SAM MENDES
Bil’s rating (out of 5): BBBBB. United Kingdom/USA, 2019. Amblin Partners, DreamWorks, Neal Street Productions, New Republic Pictures. Screenplay by Sam Mendes, Krysty Wilson-Cairns. Cinematography by Roger Deakins. Produced by Pippa Harris, Callum McDougall, Sam Mendes, Brian Oliver, Jayne-Ann Tenggren. Music by Thomas Newman. Production Design by Dennis Gassner. Costume Design by David Crossman, Jacqueline Durran. Film Editing by Lee Smith. Academy Awards 2019. AFI Film of the Year 2019. Dorian Awards 2019. Golden Globe Awards 2019. Las Vegas Film Critics Awards 2019. National Board of Review Awards 2019. North Carolina Film Critics Awards 2019. Online Film Critics Awards 2019. Philadelphia Film Critics Awards 2019. Phoenix Film Critics Awards 2019. Washington Film Critics Awards 2019.
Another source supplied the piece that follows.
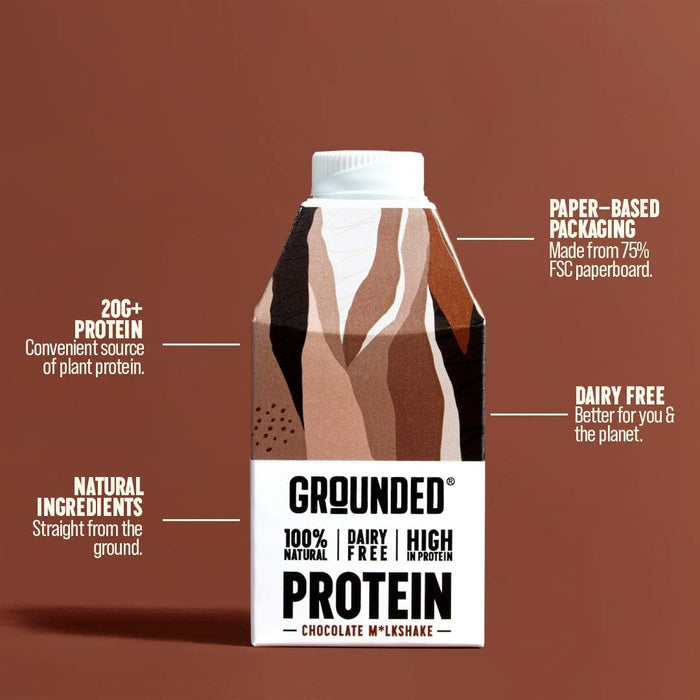 GROUNDED Plant-Based Protein Shake 12 x 490ml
Sam Mendes tells a tale of World War I that is instantly worthy of the best films on the subject, from Grand Illusion to the more recent They Shall Not Grow Old. Inspired by tales he learned from his own grandfather, it stars George MacKay and Dean-Charles Chapman as two soldiers who are three years into exhausting battle, informed by their commanding officer (Colin Firth) that they must undertake a dangerous mission. Another unit that is deeper in enemy territory is preparing to attack what they think is a weakened German army on a newly-drawn front line, and its leader does not know that the situation is a trap that will get almost two thousand men killed. The Germans have already cut telephone communications, so the only way for the message to be received is for these two men to cross no man’s land into German-controlled areas of the bombed out French countryside, vulnerable to all manner of attack from land or air, and needing to keep their wits about them as they come into contact with the odd straggling solder or, in one particularly devastating sequence, an airplane that is shot out of the sky. Filmed in what has been, through excellent digital blending, rendered as one long continuous take (well, two if you take into account the one character’s blackout midway through the film), this is the war movie version of Mad Max: Fury Road, a smoothly photographed voyage across a barren terrain whose efficient plotting strips every moment down to its essence (you either survive or you don’t), orienting its movement in a single direction as the characters push forward to their goal. The intensely dramatic and often deeply moving look at one of the lowest points of human conflict is made vivid thanks to devastated landscapes that look like something out of Tarkovsky, with some scenes (like finding a French woman in a shadowy basement) feeling like disturbing nightmares that the daylight battle scenes don’t in any way alleviate.